Instructions for the task:
Using the data below, output a verbatim copy of the lines between the one holding "USED 2020 70" and the one holding "Tutorial of How", inclusive, without any pictures.
★ ★ ★ ★ ★
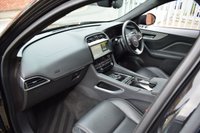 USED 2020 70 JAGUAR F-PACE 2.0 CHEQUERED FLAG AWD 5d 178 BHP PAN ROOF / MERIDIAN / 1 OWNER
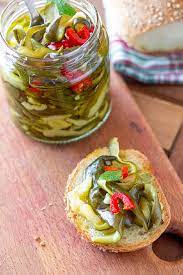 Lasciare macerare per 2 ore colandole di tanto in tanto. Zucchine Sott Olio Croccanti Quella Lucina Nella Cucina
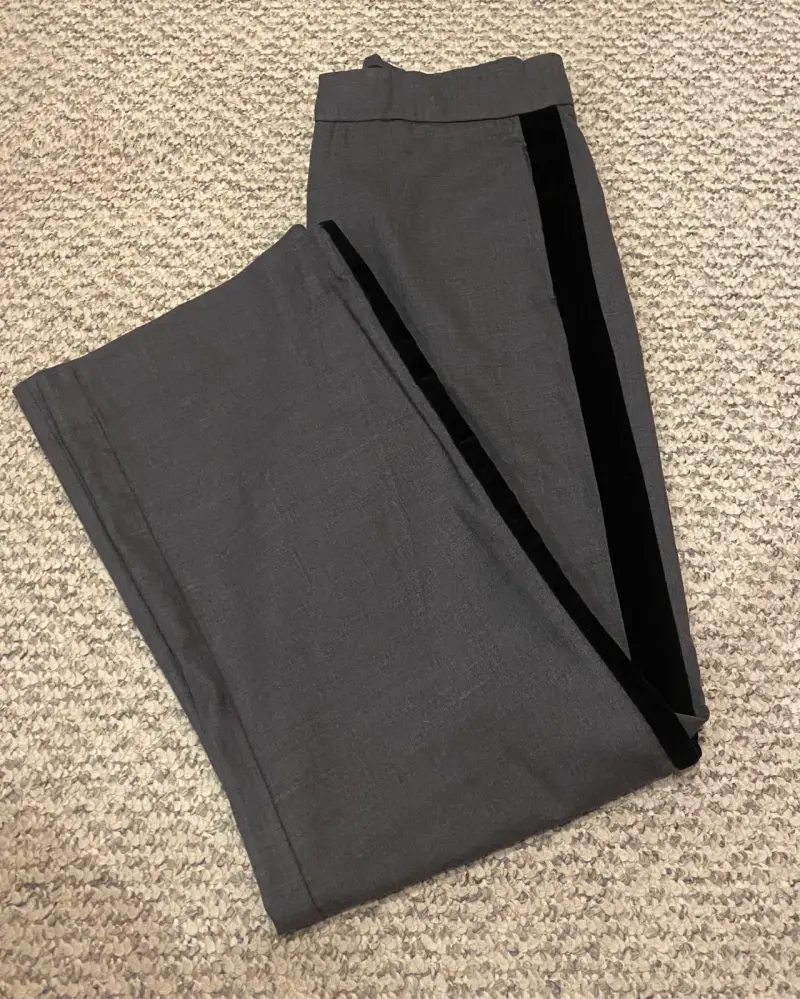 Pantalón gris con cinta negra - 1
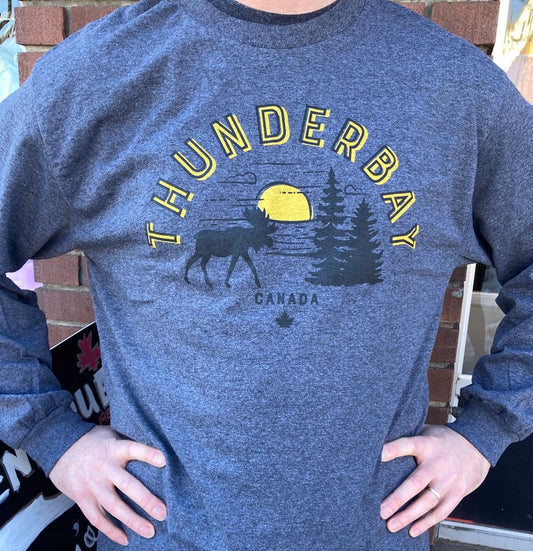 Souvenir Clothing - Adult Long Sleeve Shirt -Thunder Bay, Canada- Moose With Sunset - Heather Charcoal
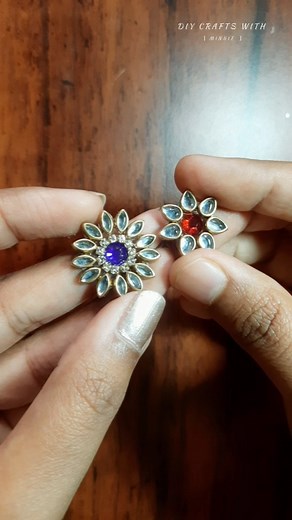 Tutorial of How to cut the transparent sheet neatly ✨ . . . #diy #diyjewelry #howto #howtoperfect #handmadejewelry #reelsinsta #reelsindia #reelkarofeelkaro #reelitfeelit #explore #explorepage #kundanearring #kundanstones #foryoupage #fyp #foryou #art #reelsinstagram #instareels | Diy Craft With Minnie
★ ★ ★ ★ ★
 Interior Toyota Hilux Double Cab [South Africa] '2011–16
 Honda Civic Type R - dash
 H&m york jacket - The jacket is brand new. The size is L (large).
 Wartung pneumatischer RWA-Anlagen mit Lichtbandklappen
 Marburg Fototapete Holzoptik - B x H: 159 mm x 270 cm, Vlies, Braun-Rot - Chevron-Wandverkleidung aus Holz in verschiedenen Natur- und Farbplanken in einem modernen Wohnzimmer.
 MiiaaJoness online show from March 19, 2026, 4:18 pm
★ ★ ★ ★ ★
Exercise response:
 USED 2020 70 JAGUAR F-PACE 2.0 CHEQUERED FLAG AWD 5d 178 BHP PAN ROOF / MERIDIAN / 1 OWNER
 Lasciare macerare per 2 ore colandole di tanto in tanto. Zucchine Sott Olio Croccanti Quella Lucina Nella Cucina
 Pantalón gris con cinta negra - 1
 Souvenir Clothing - Adult Long Sleeve Shirt -Thunder Bay, Canada- Moose With Sunset - Heather Charcoal
 Tutorial of How to cut the transparent sheet neatly ✨ . . . #diy #diyjewelry #howto #howtoperfect #handmadejewelry #reelsinsta #reelsindia #reelkarofeelkaro #reelitfeelit #explore #explorepage #kundanearring #kundanstones #foryoupage #fyp #foryou #art #reelsinstagram #instareels | Diy Craft With Minnie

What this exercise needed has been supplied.